(Raw data)

[Start of Attachment]

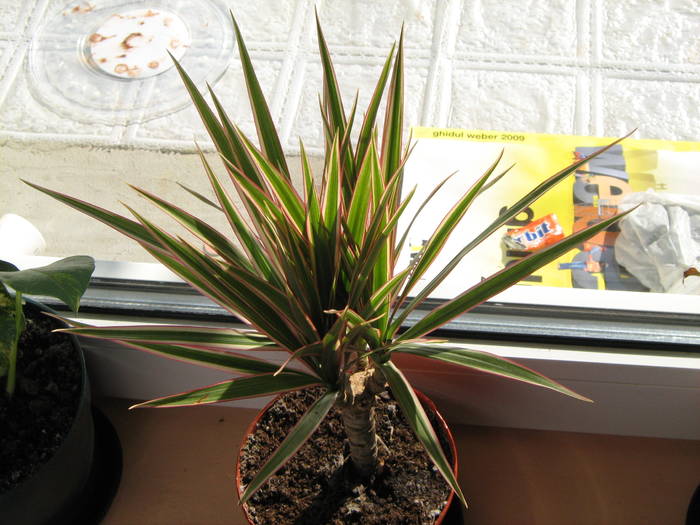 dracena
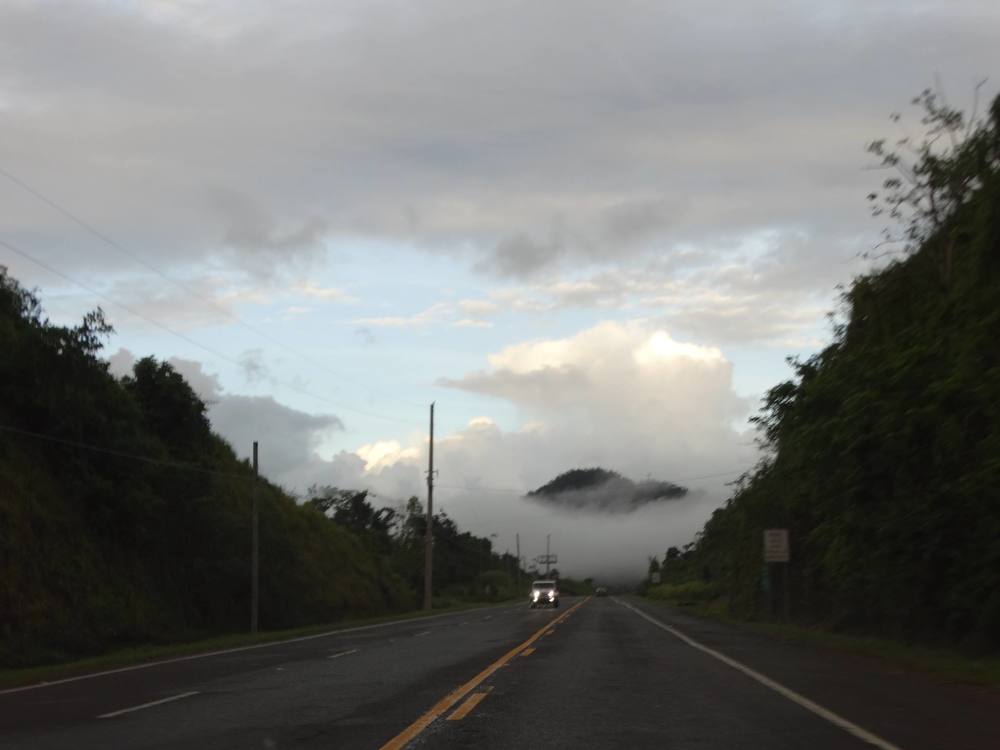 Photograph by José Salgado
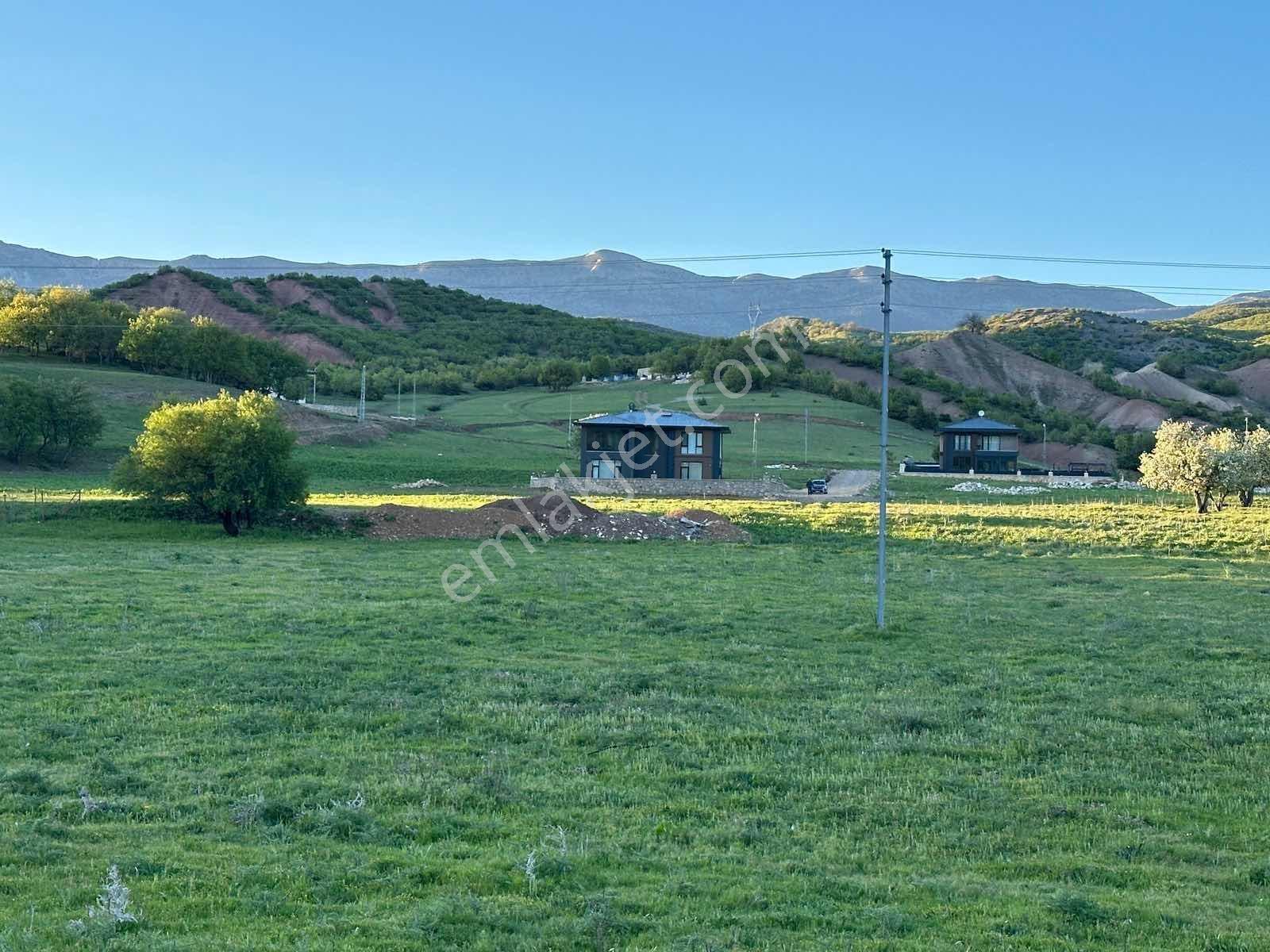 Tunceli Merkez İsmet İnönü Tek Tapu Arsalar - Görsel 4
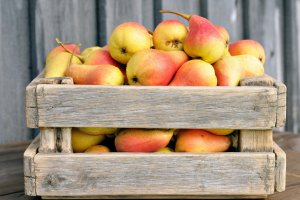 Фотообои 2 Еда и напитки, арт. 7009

[End of Attachment]

(Assigned task) Reproduce the data in full. Do not carry over any picture.

(Answer section)
 dracena
 Photograph by José Salgado
 Tunceli Merkez İsmet İnönü Tek Tapu Arsalar - Görsel 4
 Фотообои 2 Еда и напитки, арт. 7009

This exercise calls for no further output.